L’abolition de l’esclavage et le début d’une immigration de masse

A mesure que le XIXe siècle avance, le courant abolitionniste devient de plus en plus virulent. En 1871, la Lei do Ventre Livre émancipant les enfants d’esclave (une fois leur majorité atteinte) sonne comme une sirène d’alarme pour les fazendeiros conscients que, sans une importante main d’œuvre, ils ne pourront sauver leurs plantations. Un renversement de situation se produit donc au sein de l’élite brésilienne qui, de pair avec le gouvernement fédéral et le pouvoir central, consacrera dès lors tous ses efforts à stimuler l’immigration européenne.

Les années 1880 inaugurent ainsi le début d’une immigration massive qui fait du Brésil le troisième pays d’accueil des flux migratoires européens, après les États-Unis et l’Argentine. En 1888, l’abolition de l’esclavage, suivie de très près par la proclamation de la République (1889), consolidera ce phénomène de masse : entre 1880 et 1924, 3 600 000 émigrants rentreront ainsi au Brésil.

La province de São Paulo devient le plus grand centre d’attraction du pays et donc le principal État d’accueil de l’immigration étrangère. Une très grande partie de l’État est en effet composée de grandes plantations cafetières qui, depuis les années 1870, sont connectées aux villes par des voies de chemin de fer. Parmi toutes nationalités européennes qui débarquent dans l’État de São Paulo, les Italiens sont de loin les plus nombreux : ils représentent en 1934 – première et deuxième génération confondues – près de 50% de la population de la Capitale. Les Portugais et les Espagnols constituent ensuite les deux autres principales communautés européennes.

Le tableau suivant nous indique le nombre d’entrées de ces trois nationalités dans l’État de São Paulo entre 1882 et 1910. L’écrasante supériorité numérique des Italiens saute aux yeux et, ce n’est qu’en 1904 – soit plus de dix après le début du processus migratoire de masse – qu’ils se feront dépassés par les Espagnols et les Portugais.
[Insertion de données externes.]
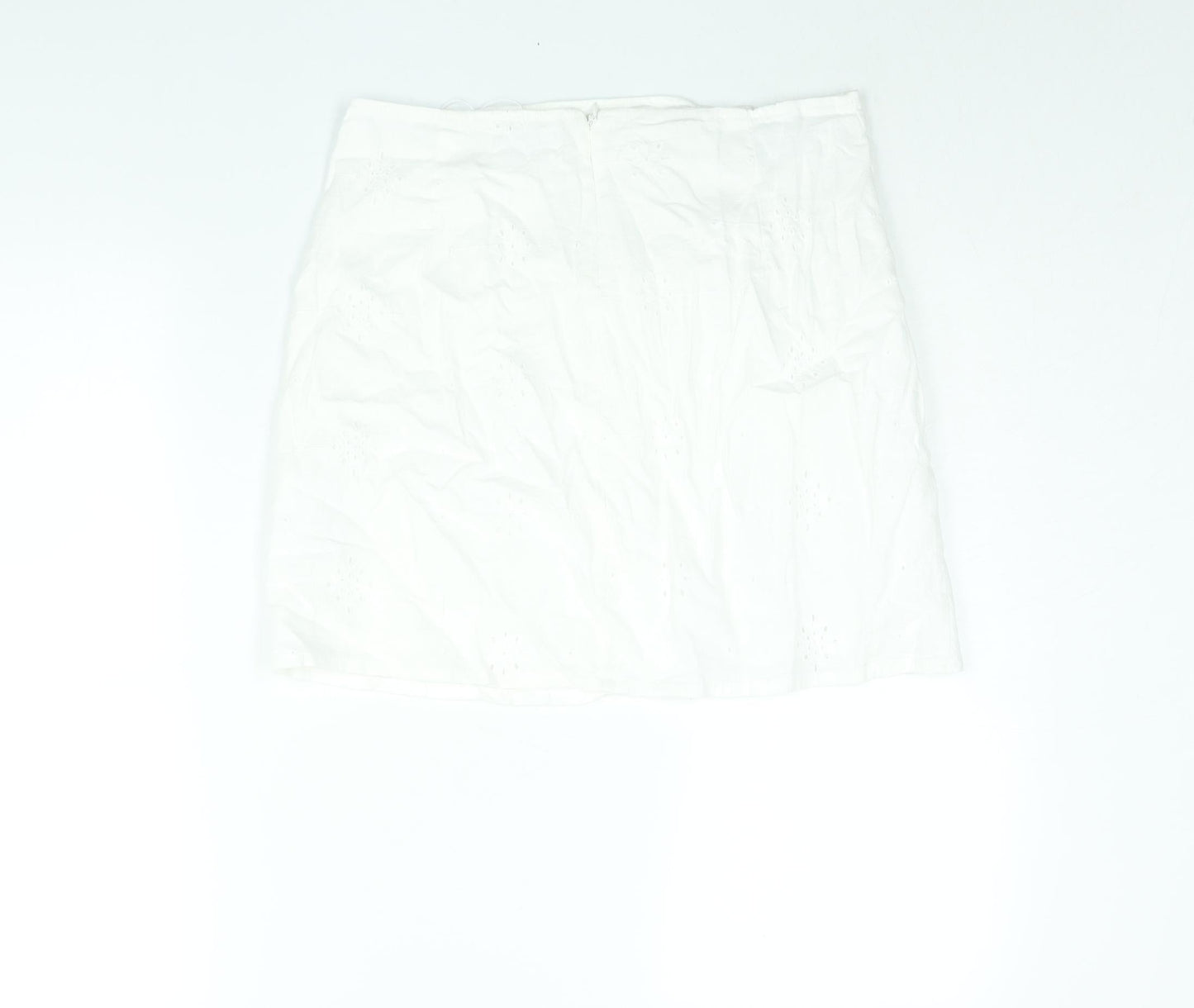 Berhska Womens White Cotton Mini Skirt Size M Zip - Ring Cut Out Emboidered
La brutale diminution enregistrée après l’année 1914 indique également l’effet inhibiteur de la Première Guerre Mondiale sur les flux migratoires, qui clôt ainsi la période de la Grande Émigration.

La mise en place de politiques d’immigration : vers une immigration subventionnée

L’immigration à São Paulo n’aurait jamais connu une telle ampleur sans une intervention de l’État –aussi bien central que fédéral. La loi de mars 1871 jette ainsi les bases d’une politique d’immigration qui scelle l’engagement de l’État à payer le voyage jusqu’à Santos – puis jusqu’aux fazendas – à toutes les familles de paysans européens. Une autre date importante est celle de l’ouverture à São Paulo de la fameuse Hospedaria do Imigrante (1887), un centre d’accueil qui pouvait recevoir jusqu’à 4000 personnes ; une nouvelle loi assure alors aux immigrés un séjour gratuit pendant huit jours, le temps d’être contractés par quelque fazendeiro. Entre 1893 et 1928, plus d’1 500 000 individus passeront la porte de l’Hospederia.

Pour que la politique d’immigration brésilienne soit pleinement performante, il manquait au développement d’infrastructures et à la mise en place d’aides financières un troisième élément : celui de la propagande.Panfleto_imigrante Il était en effet indispensable que les paysans des campagnes européennes soient au courant des avantages qui leur étaient conçus pour les inciter à venir travailler dans les fazendas de café. Le gouvernement de São Paulo fonde ainsi en 1886 la Sociedade Promotora da Imigração de São Paulo qui, chargée d’attirer des travailleurs ruraux, jouera efficacement sur l’image d’un Brésil au climat chaud et aux sols fertiles pour entretenir l’illusion d’une vie meilleure. Mais la Sociedade Promotora da Imigração de São Paulo n’est pas la seule à représenter le Brésil comme le pays des merveilles où la propriété terrienne est à portée de main car, rapidement, l’immigration européenne prend la forme d’un véritable commerce. Pour attirer le plus d’immigrés possible, des centaines de contrats sont en effet conclus entre le Gouvernement et des entreprises, des particuliers, des compagnies de transports ou des agences de voyages. En 1895, la province de São Paulo compte ainsi 34 agences de propagande et 7169 sous-agences et la Companhia Metropolitana s’engage auprès du gouvernement fédéral à introduire au Brésil un million d’individus, dans une période de 10 ans.

Au total, l’immigration subventionnée représenta entre 1891 et 1895 environ 89% de l’immigration de São Paulo. Les sommes colossales dépensées par le Gouvernement central ou par les pouvoirs fédéraux furent largement amorties par l’augmentation drastique des exportations de café ; entre 1880 et 1900, l’arrivée massive de main d’œuvre européenne dans les fazendas fit tripler la production de café ! A cette immigration subventionnée, s’oppose une immigration spontanée, c’est-à-dire entièrement aux frais de l’immigré. Largement minoritaire, elle laissait au moins à l’immigrant une plus grande marge de liberté et d’autonomie qui le rendait moins vulnérable aux exigences peu humaines infligées par les organismes d’accueil et les fazendeiros.